After concessions, the issues for decision are: (1) Whether the notice of deficiency is arbitrary and excessive and therefore lacks presumptive correctness; (2) whether petitioner is liable for the deficiencies in taxes as determined by respondent; and (3) whether petitioner is liable for the additions to tax as determined by respondent.
FINDINGS OF FACT
The parties submitted the instant case fully stipulated. The stipulated facts are incorporated herein by reference and are found as facts in the instant case. Petitioner resided in Warsaw, Indiana, at the time he filed his petition.

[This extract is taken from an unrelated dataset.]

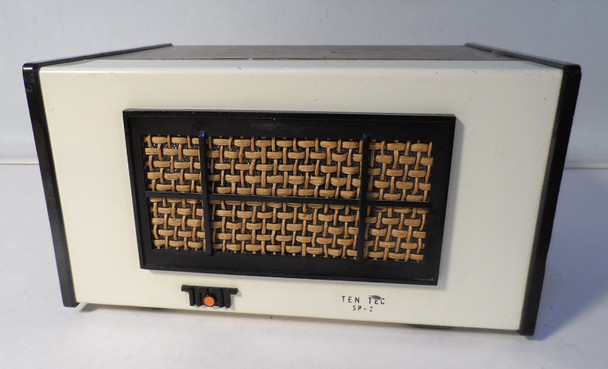Ten-Tec  Rare Model SP-2  Loudspeaker System Matches the Early Light Colored Wood Grain Radios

In a letter to respondent dated July 18, 1994, petitioner stated that he is not a resident or citizen of the United States, but that he is a "Natural human being of the Indiana Republic", questioned respondent's delegation of authority to operate in a foreign capacity in the "united American Republic (Indiana)", and stated that he had no income from a source within the United States or effectively connected to a trade or business within the United States. On July 19, 1994, petitioner executed a document entitled "AFFIDAVIT OF REVOCATION & RESCISSION OF SIGNATURE AND POWER OF ATTORNEY" in which document he stated that he revoked all signatures on any and all instruments related to his Social Security number and his Federal income tax returns. On April 18, 1995, respondent received from petitioner a document entitled "NOTICE: A SPECIAL LEGAL ADMINISTRATIVE EVIDENTIARY INSTRUMENT" in which document petitioner asserted that he does not reside and never resided "in this state", "in the state" or "any federal area", that he is not a "U.S. Citizen", "U.S. Person", or "U.S. Individual", and that he "is a sovereign Indiana citizen, living and working in the Indiana Republic, which is district and separate from any Federal area."
Petitioner did not file Federal income tax returns for the years in issue. On January 5, 1996, respondent sent a letter to petitioner concerning his failure to file returns for the years in issue and requesting that he either file returns or assist the tax auditor in preparing returns for him. Respondent's letter also indicated that if petitioner failed to cooperate, returns would be prepared based upon information received by the Internal Revenue Service (IRS). On January 26, 1996, respondent mailed to petitioner a report proposing adjustments for the years in issue.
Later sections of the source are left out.